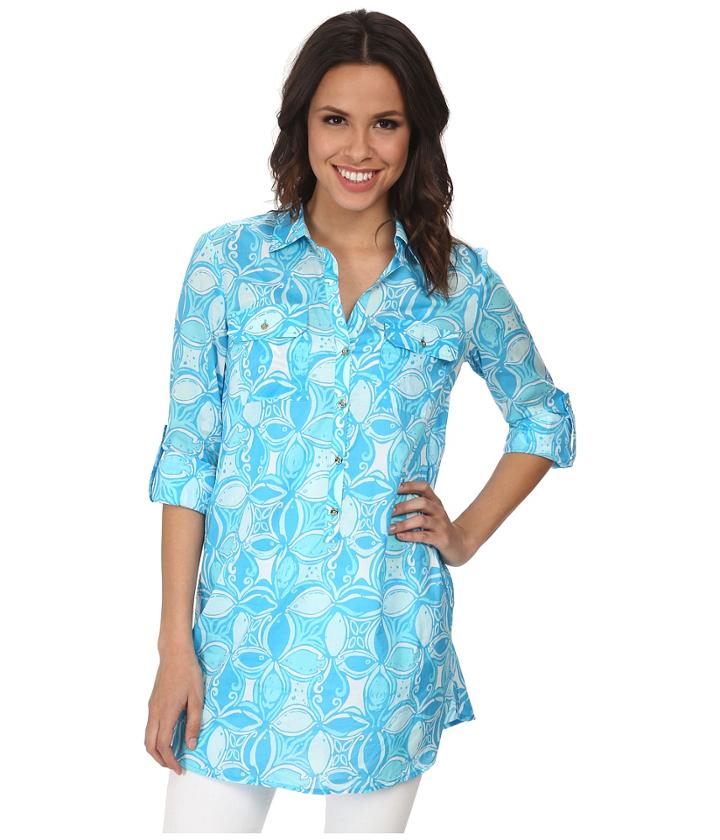 Lilly Pulitzer - Captiva Tunic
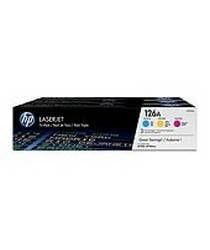 HP CF341A Toner Orjinal - 1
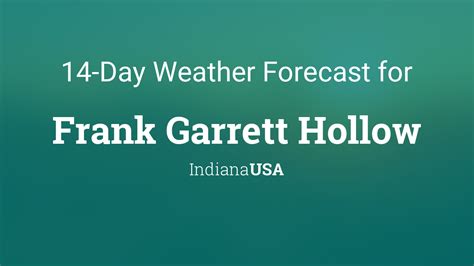 Garrett, IN Weather - Forecast & Monthly Averages - AreaVibes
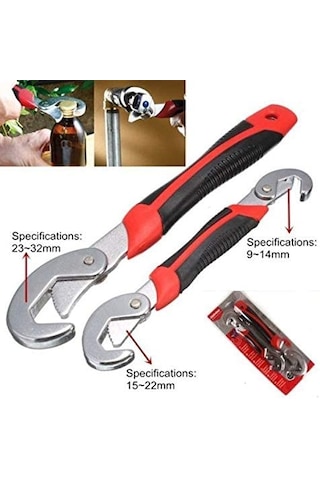 Nano Grip Akıllı Anahtar Pense 5639
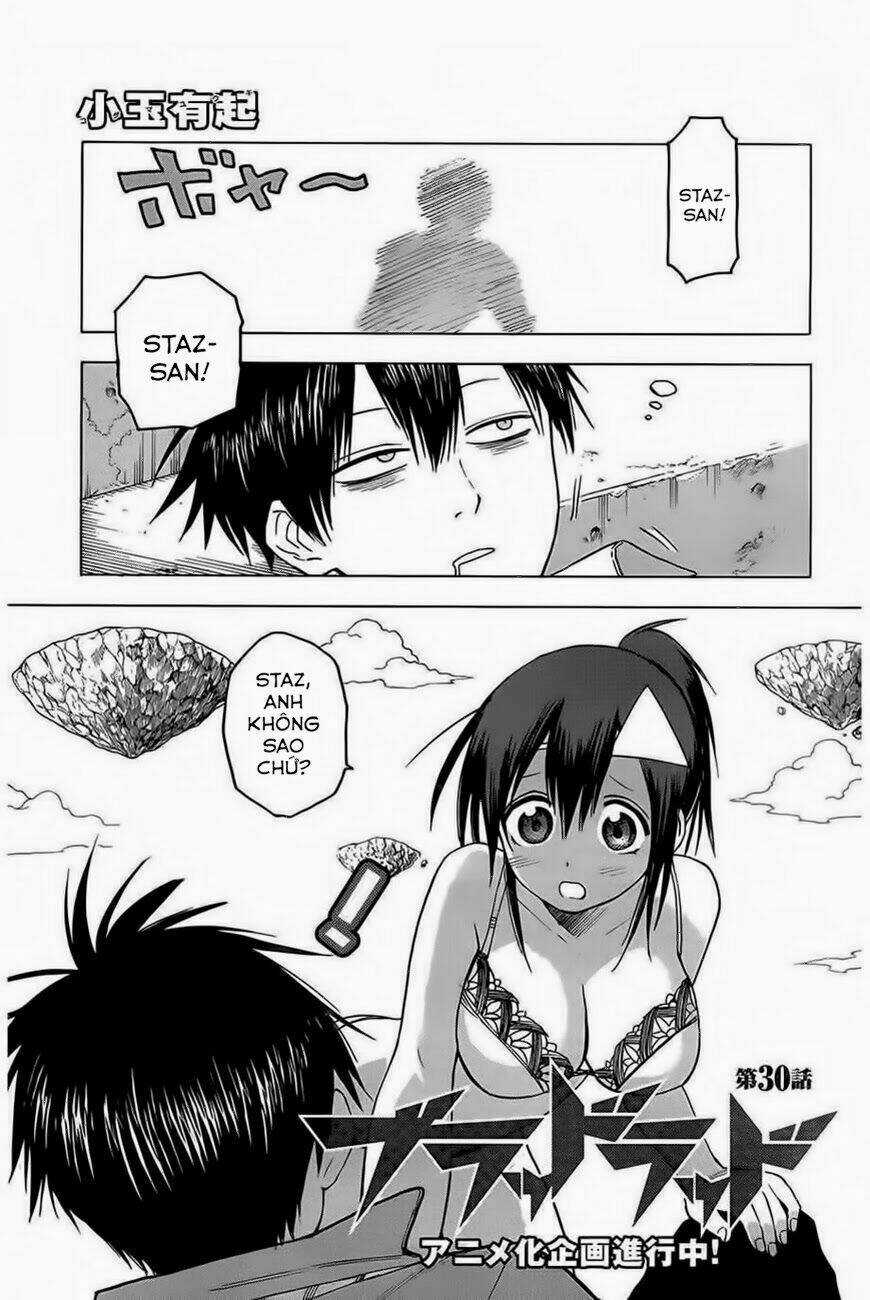 Blood Lad Chapter 30 trang 1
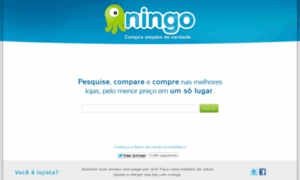 Ningo.com.br thumbnail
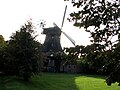 Holländerwindmühle in Ost-Bargum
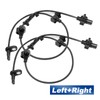ZUDKSUY 57450-SNA-003 57455-SNA-003 ABS Wheel Speed Sensor Front Left Right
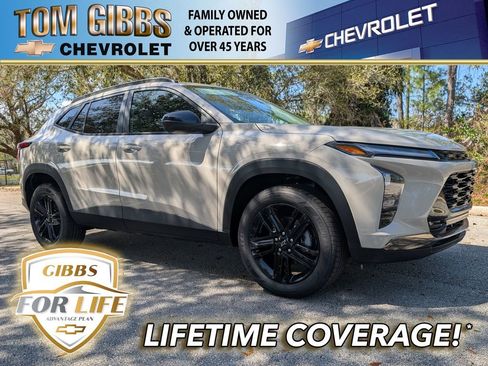 New 2026 Chevrolet Trax ACTIV image 1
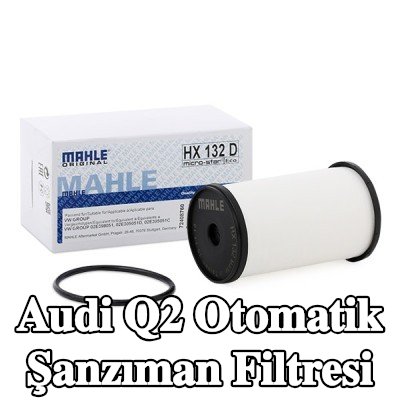 MAHLE Otomatik şanzıman filtresi — Audi Q2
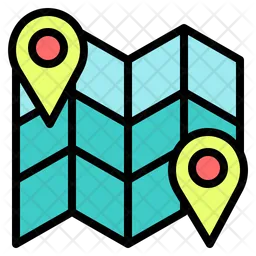 Map  Icon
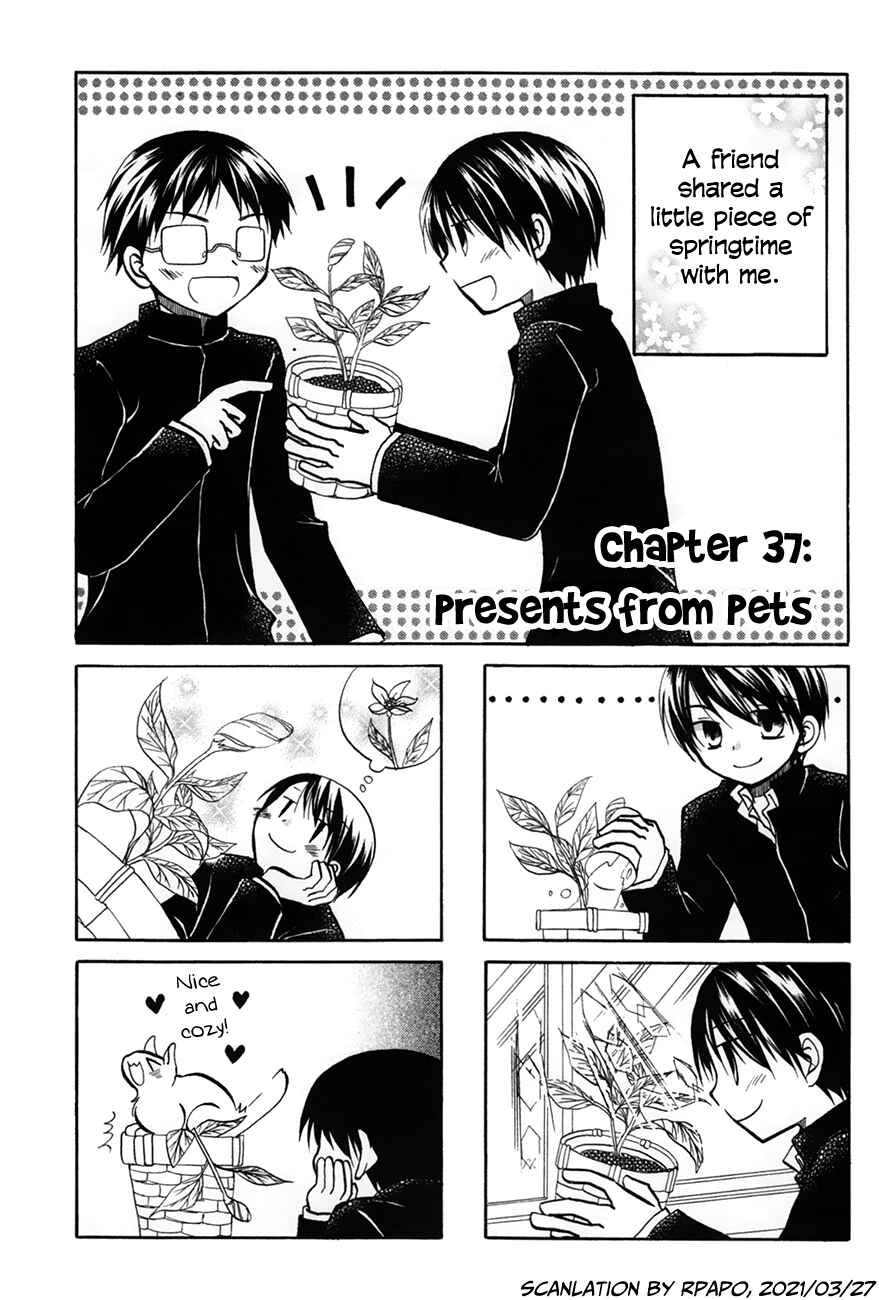 Page 1 Chapter 37 Chokotto Hime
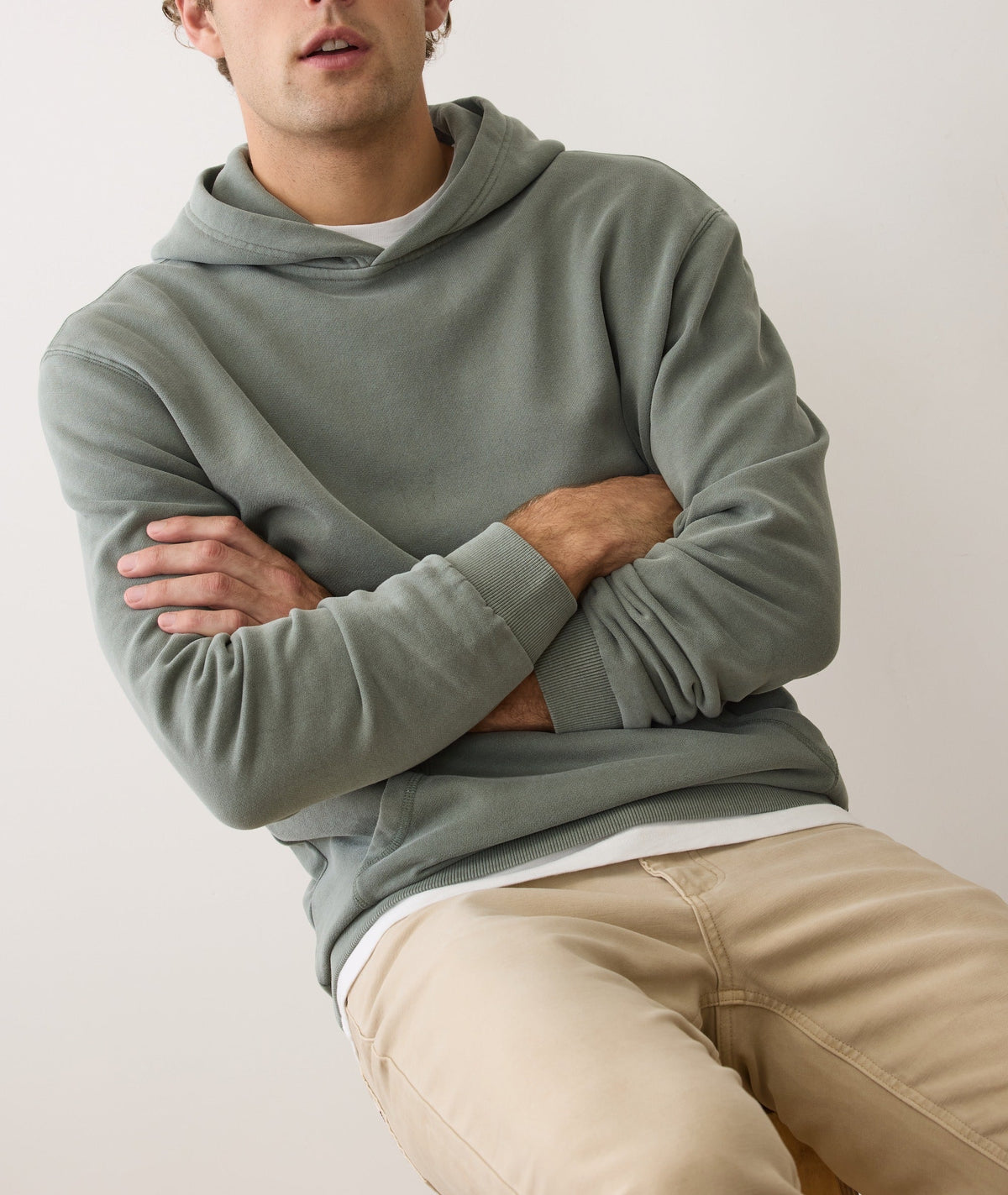 Cloud 9 Fleece Relaxed Hoodie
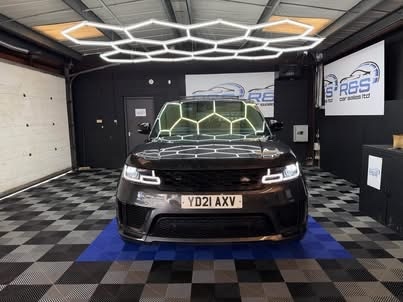 Used Land Rover Range Rover Sport 2021 for sale - 77864604: Photo 5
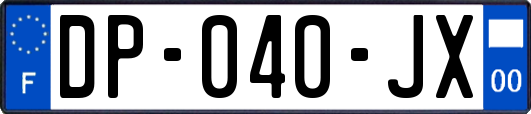 DP-040-JX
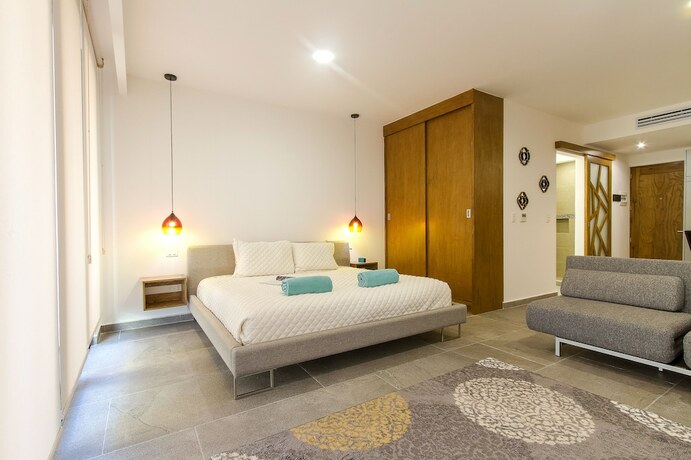 Imagen general del Hotel Soul Hometown Apartments by Mikitito Rentals. Foto 4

■ ■ ■ ■ ■ ■ ■

> **Task instructions**
Print all records verbatim, excluding pictures.

> **Your response**
 Lilly Pulitzer - Captiva Tunic
 HP CF341A Toner Orjinal - 1
 Garrett, IN Weather - Forecast & Monthly Averages - AreaVibes
 Nano Grip Akıllı Anahtar Pense 5639
 Blood Lad Chapter 30 trang 1
 Ningo.com.br thumbnail
 Holländerwindmühle in Ost-Bargum
ZUDKSUY 57450-SNA-003 57455-SNA-003 ABS Wheel Speed Sensor Front Left Right
 New 2026 Chevrolet Trax ACTIV image 1
 MAHLE Otomatik şanzıman filtresi — Audi Q2
 Map  Icon
 Page 1 Chapter 37 Chokotto Hime
 Cloud 9 Fleece Relaxed Hoodie
 Used Land Rover Range Rover Sport 2021 for sale - 77864604: Photo 5
 DP-040-JX
 Imagen general del Hotel Soul Hometown Apartments by Mikitito Rentals. Foto 4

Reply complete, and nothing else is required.